La teoría de la traducción a menudo estuvo ocupada en el problema de la representación, volver hacer presente un texto en otro. En sus Traducciones malditas, Horacio González interviene en ese debate advirtiendo que todo texto es otro, que todo texto ya está presente. Sugiere borrar las jerarquías entre original y versión, y ponerlos en un mismo punto de partida; en tanto textos, los problemas que atraviesan son similares. Relocaliza así el drama de la traducción y lo centra en la escritura. ¿Qué es, por tanto, la escritura? Apertura insospechada de sentido. Siempre leemos un texto por primera vez; y a esa lectura no volvemos nunca. “Traducir es crear una vida nueva”.
González postula la condición menardiana de la traducción, a la que presenta como cosa natural, no como echo fantástico. Como si fuera inevitable que escribir dos veces el Quijote implicara estar ante dos Quijotes distintos. Cervantes deviene, así, en un discípulo retroactivo de Menard. Después de Borges, no volvemos al mismo Cervantes. Todo original está perdido, y en su lugar queda una transcripción hecha por un contemporáneo. Trabajamos sobre textos que ya han sido modificados, donde nuestra intervención no es más que otro episodio de reescritura.
González retira la traducción de la mera representación, lo mismo que de la mera individualidad. Es una lengua la que traduce a otra lengua, una época a otra, una civilización a otra. Nos pone en los umbrales de la fe de Shelley, donde la traducción sería como ese poema universal, donde cada poeta acrecienta con su suspiro.
“Yo estoy escribiendo todo esto y me obligo a citar muchos libros. No los tengo a la vista, en la mayoría de los casos, y buscarlos en mi biblioteca es fatigoso; desordenada y caótica, puedo pasar horas de búsqueda hasta recordar que lo he prestado o que nunca lo tuve”. Dispone, agrega González, de «una biblioteca existente e inútil». Esta confesión es similar a la que hizo Auerbach en 1946, exiliado en Estambul, donde escribió su Mímesis privado de su biblioteca. Se trató de una carencia que también agradeció, porque el tamaño de esa misma biblioteca no le hubiera permitido consagrarse a la escritura. Un libro sobre la literatura occidental, sin libros a la mano. González confiesa estar en una situación similar.
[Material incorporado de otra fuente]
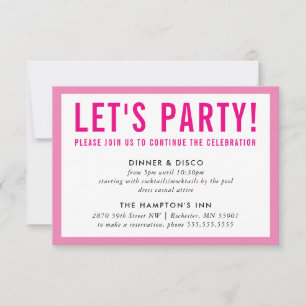 PARTY FIRANDE INFO - modern, djärv flickors rosa Inbjudningar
No creo, sin embargo, que haya que recurrir a la “paradoja Estambul” para comprender cómo están escritas las Traducciones malditas. Sobran ejemplos de libros forjados a la vera de una biblioteca. Lo que posibilita escribir sobre temas tan vastos (la literatura occidental) es, por un lado, el uso pródigo de la parcialidad; evitar la tentación de leer todo lo que se ha escrito sobre un mismo tema. Por otro, la certeza de que basta un fragmento para recomponer la dilatada región que lo circunda. Auerbach primero, y después González, pudieron componer una historia de la literatura occidental, porque supieron hacer hablar al fragmento. ¿Qué fragmento elegir? ¿Cuál es el que condensa, en ciernes, una significación amillonada? Aquí se pone en juego el talento.
Este asunto es central, porque sugiere una concepción del ensayo, el cual puede prescindir del sistema o de una narración evolutiva, ordenada y lineal de las ideas. González recoge fragmentos que recuerda, que escucha o lee, los reúne de forma aleatoria, constituye un gran borrador misceláneo cuya promesa de revisión y síntesis asoma solo como destello. Su método penitenciario revela su filiación gramsciana, pero más aún que no es indispensable estar preso para concluir que toda ilusión de orden es fantástica. En la infinitud de elementos que constituyen la cultura, cada uno de ellos equidista de sus límites. Una página de González puede estar al principio o al final: siempre está en el centro. En cada fragmento refulge la impresión del todo. “Comienzo aquí –no concluyo–”, leemos al iniciar las Traducciones. No pasemos de largo la reunión de estos dos verbos aparentemente antitéticos, comenzar-concluir: es la primera clave para leer a González.
Para leer a González
“Obviamente, nuestro escrito se compone de interrupciones bruscas, saltos de estilo y superposiciones entre focos de atención”. Hay quienes juzgan la prosa de Horacio inflacionaria, acaso, porque buscan la definición y el sentido explícito. En una prosa que se compone esencialmente de formas, las formas no dicen: sugieren. González se expresa, así, como el oráculo de Delfos, ni muestra todo ni oculta, da indicios; pero esos indicios florecen del propio lenguaje. No usamos el lenguaje tanto como “es él quien nos ‘usa’ a nosotros”.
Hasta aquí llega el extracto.